Nobody knows for sure who’s active in there but there have been media reports about Paris Hilton and Naomi Campbell being members. This online community, created by the Weinstein Company (generally known for their movie ventures) expects the small membership base to help create closer ties between members. Around 130,000 people are allegedly members but the Weinstein brothers would like to grow that number in the lower millions, in the coming years.
This international network is meant to share information that might come in handy for anybody with lots of money and very little free time. Matters as mundane as choosing the best restaurant to eat snails, in Los Angeles to more commercial interests like where to find a 60 ft yatch already anchored in the Meditarranean sea are the bulk of what supposedly available, in A Small World.
It’s always assumed this information is correct because no media, including Expensive.Name, is being granted access to see, first-hand, what’s really in there. You’re free to watch the CNN and CNBC interviews, for added insight on this.
On her web page, for instance, Naomi Campbell is said to describe herself as a "busy worker" instead of all the other things that would come to mind considering the recent legal ramblings she’s been into. In other words, this is probably just another place to show off as well as ask about anything glitzy, expensive and more often than not, largely unknow to the general public.

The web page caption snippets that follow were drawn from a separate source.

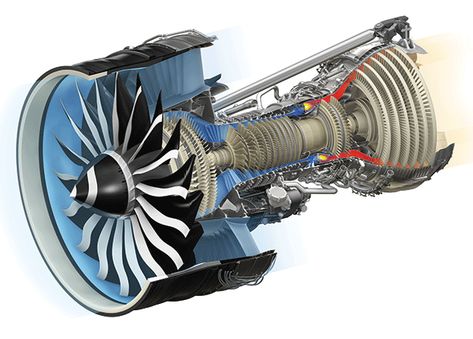 What’s the Difference Between Turbine Engines? | Machine Design Jet Turbine Engine, Gas Turbine Engine, Jet Turbine, Aviation Engineering, Turbofan Engine, Steam Turbine, Turbine Engine, Gas Turbine, Aircraft Engine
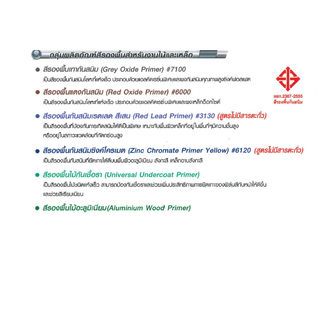 Captain สีรองพื้นไม้กันเชื้อรา กัปตัน #03000 1 กล. สีขาว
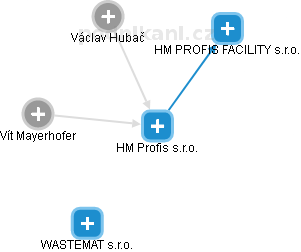 HM Profis s.r.o. - náhled vizuálního zobrazení vztahů obchodního rejstříku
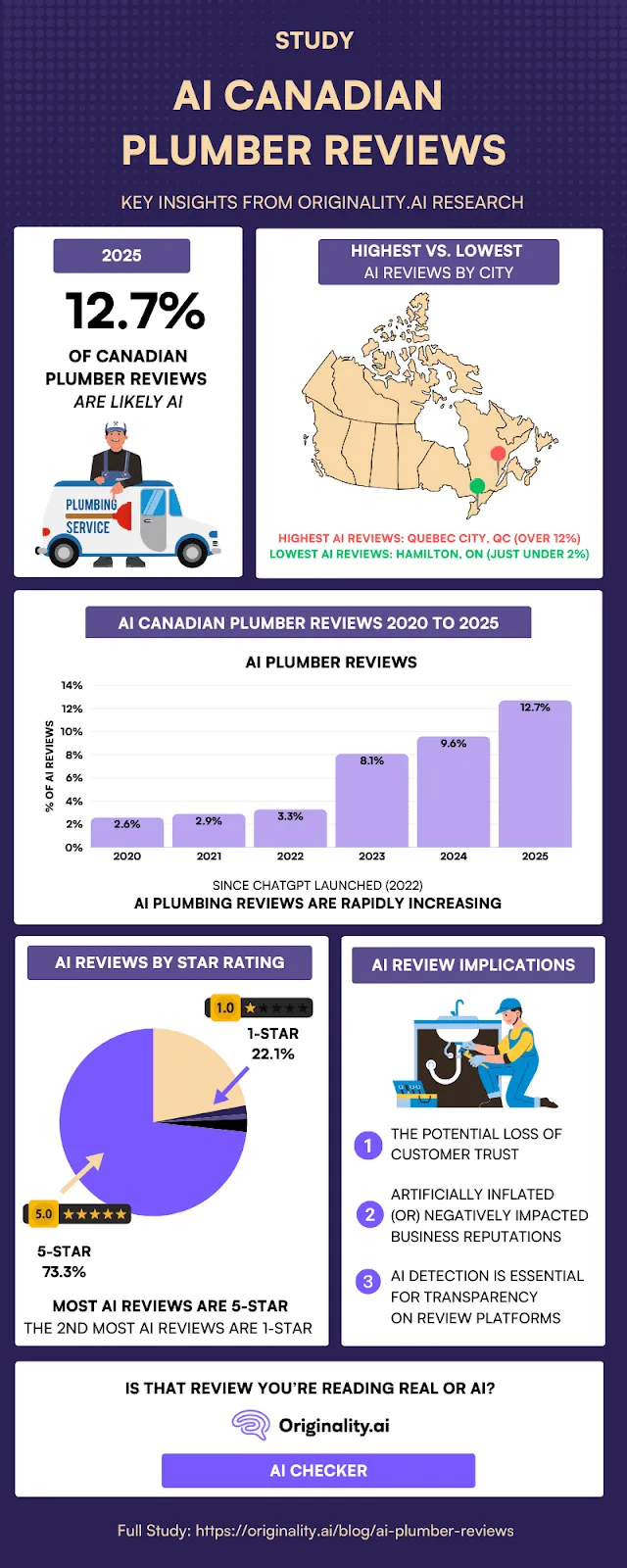 AI Canadian Plumber Reviews Study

While there have been members raving about A Small World’s ability to help them find reliable photographers for their wedding or even nannies for their kids, it’s pretty clear such "quality services" can be found elsewhere, just as easily.
Perhaps the people who get invited (read: sucked) into this social network feel some kind of peer pressure to actually invest time in it and eventually sprinkle a little dough around so some level of spin enhances their actual or perceived "reputation", in the group.
Without going so far as to say this whole thing is about the "herd mentality" where everyone wants to be there because everybody who seems to be anybody is already there, the fact that it’s private says a lot about how narrow the networking can get — it’s like digital inbreeding on steroids.
The whole thing and the mentality behind it appear to be the web equivalent of a gated community. People should rightfully ask themselves why they would trade their current access to a world of unlimited discoveries for a limited, secretive and closed community?
If the members of A Small World are having a blast burning their money among themselves, good for them. Happy people are always good for our planet’s karma but "gated web sites" (like ASW’s) look like the metaphorical equivalent of lonely islands within a sea of exciting… and unlimited discoveries.